# Very Depressing Article... EMP & Nuclear Power Plants



## texican (Oct 4, 2003)

I don't know how many folks have seen the series on the History Channel... about Life after People. One episode dealt with nuclear power plants. Without humans around to maintain the power plants, they'd eventually melt down, after the electric grid elsewhere failed. I knew that nuclear plants needed an outside grid to run the plants... when I first learned this, I thought it must be un-true... heck, the nuclear plant should just feed power back to itself. But no. Okay, if all people disappear, all the plants would eventually melt down and create uninhabitable zones for a long time.

There's a current article on survivalblog.com by a nuclear engineer. He states, in detail, what would happen to a nuclear power plant, if we suffered from a widespread EMP attack, or a large solar flare event. When the outside grid goes down, backup diesel generators take over, to keep the heating rods cooled down. Eventually, without resupply, the tanks would overheat, and the cores would melt... however, the containment facilities, if not compromised, would contain all the contamination. 

Kicker is, all the spent fuel rods, from the get-go, are stored on site, in deep pools. These pools are in regular metal roofed storage type structures, in deep water... and the water is circulated the same as the in use fuel rods, to keep them cool. When the cooling to these rods ceases, the water will boil off, the rods will eventually explode, sending out a radioactive cloud of debris.

The engineer recommends anyone living within 50 miles of a nuclear plant, either be prepared for such an eventuality (if an EMP/Solar Flare event occurs), or bug out asap... within a day if it appears things are out of control... if diesel rigs can keep diesel deliveries going, it'd be okay... but that is questionable.

Thankfully, I'm not close to a nuke plant. It would be nice if we could get ALL of the spent rods buried deep in the ground somewhere.


----------



## Ruby (May 10, 2002)

There is one south of us but I believe it's more than 50 miles away.


----------



## wyld thang (Nov 16, 2005)

i just read an article about using thorium instead of plutonium(from uranium)--it's plentiful, cheap, not so "toxic", and little mini size reactors can be built because there isdnt the need for massive/elaborate containment. It seems the tech has been there all along for thorium, but the gov needed--guess what--plutonium for weapons, so that is the direction nuke energy went.

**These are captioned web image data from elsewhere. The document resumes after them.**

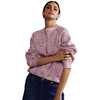 Women's Lace Printed Jumper, Pink - Sweaters - 2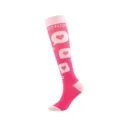 Pink heart pattern compression socks for sports running and Valentine's Day gift - S/M / Red Message Heart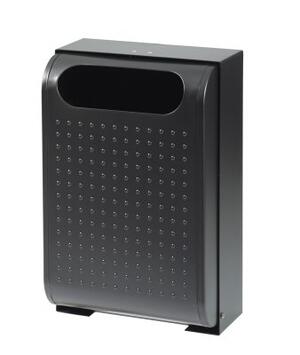 CORBEILLE MURALE URBANET ANTI-CORROSION 30L GRIS MANGANÈSE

http://energyfromthorium.com/

http://www.contrarianprofits.com/articles/thorium-the-ultimate-alternative-energy/12493

this is the article i read
http://www.telegraph.co.uk/finance/...vernight-with-a-nuclear-dash-for-thorium.html

pretty cool, huh?! but your right, that is depressing about the meltdown


----------



## dezingg (Feb 25, 2010)

Sigh. I'm sure that Pacific Gas & Electric will never let Diablo Canyon melt down, so I'm perfectly safe. Right?

(I'd better start digging ... )


----------



## Texasdirtdigger (Jan 17, 2010)

WIHH. What you said. Does 51 vs 50 miles make a difference?


----------



## beaglebiz (Aug 5, 2008)

Im within 50 miles of the Susquehanna Nuclear power Plant. 
http://www.pplweb.com/ppl+generation/ppl+susquehanna.htm
If something goes south, we would probably be better off dead.
They are planning to put in a third tower


----------



## deaconjim (Oct 31, 2005)

The engineer is apparently not familiar with the type of nuclear power plants in use in the U.S. Some types might be in danger of meltdowns, but our plants are designed to use water as a reflector as well as a coolant. 

When the plants are in the condition known as "critical", they are in a stable mode producing heat which is then used to produce steam for the turbine generators. Unless the control rods are withdrawn further, power will remain stable. If something should occur, automatic systems will cause the control rods to be inserted, displacing the water from the fuel, stopping the nuclear reaction. Once the reaction is stopped, heat is no longer being produced. 

In the event the coolant is lost, that same water is no longer serving as a reflector. Without the reflector, the plant cannot reach a critical state, and no heat can be produced. Without heat generation, there will be no meltdown.

These plants are designed to be inherantly stable, although there are other types (such as those used in Chernobyl) that are not. I would have no fear of living near a reactor plant.


----------



## Space Cowboy (Apr 26, 2008)

Absolutely right DJ!
One of the reasons Nuclear is so expensive is that it is incredibly over engineered. The core of any American plant will NOT melt (no matter what you have seen from movies). I have been inside a few and they are very safe.

SC



deaconjim said:


> The engineer is apparently not familiar with the type of nuclear power plants in use in the U.S. Some types might be in danger of meltdowns, but our plants are designed to use water as a reflector as well as a coolant.
> 
> When the plants are in the condition known as "critical", they are in a stable mode producing heat which is then used to produce steam for the turbine generators. Unless the control rods are withdrawn further, power will remain stable. If something should occur, automatic systems will cause the control rods to be inserted, displacing the water from the fuel, stopping the nuclear reaction. Once the reaction is stopped, heat is no longer being produced.
> 
> ...


----------



## mekasmom (Jan 19, 2010)

Well.... hopefully that over-engineering will actually benefit us in some way should the unthinkable happen.


----------



## timfromohio (Jun 19, 2007)

I read the survivalblog article before Texican posted and thought it was very good.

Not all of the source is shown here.